■ Data segment:
___
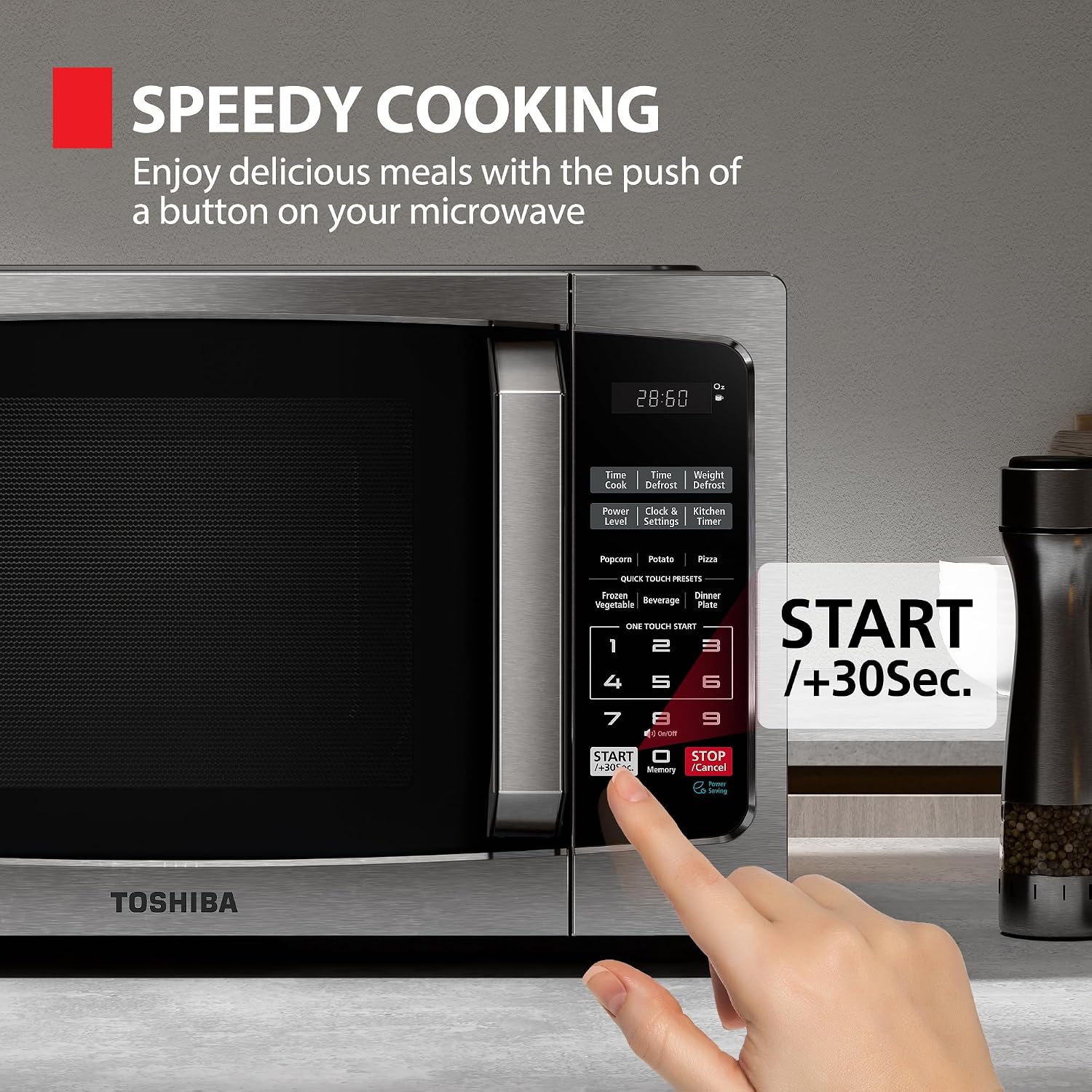 Thumbnail 4 de TOSHIBA ML-EM09PA(SS) 0.9 Cu Ft Microwave, 900W 🍽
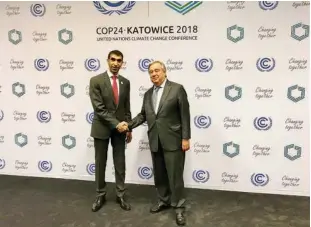  ??  ?? Dr Thani Bin Ahmed Al Zeyoudi meets Antonio Guterres during a conference on climate change in Katowice, Poland.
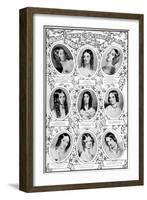 Nine of Queen Victoria's Bridesmaids, 10 February 1840-null-Framed Giclee Print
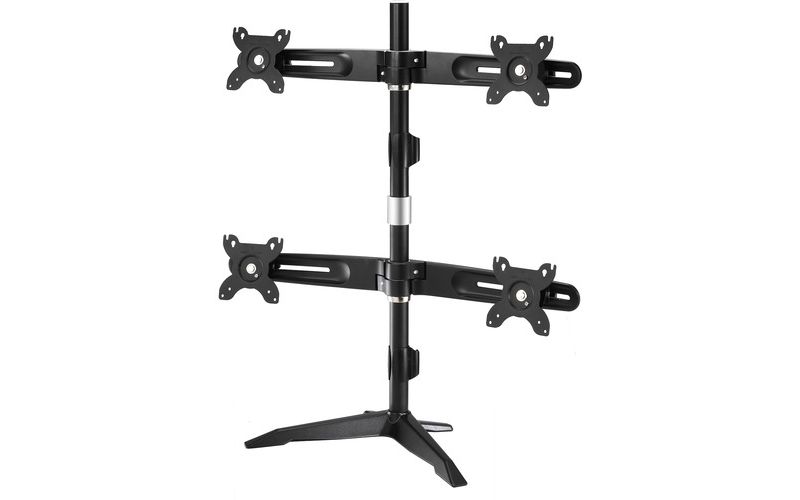 Amer Mounts Stand Based Quad Monitor Mount for four 15"-24" LCD/LED Flat Panel Screens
___
■ Problem requirements:
The data is to be printed again exactly, but without its pictures.

■ Exercise solution:
 Thumbnail 4 de TOSHIBA ML-EM09PA(SS) 0.9 Cu Ft Microwave, 900W 🍽
  ??  ?? Dr Thani Bin Ahmed Al Zeyoudi meets Antonio Guterres during a conference on climate change in Katowice, Poland.
 Nine of Queen Victoria's Bridesmaids, 10 February 1840-null-Framed Giclee Print
 Amer Mounts Stand Based Quad Monitor Mount for four 15"-24" LCD/LED Flat Panel Screens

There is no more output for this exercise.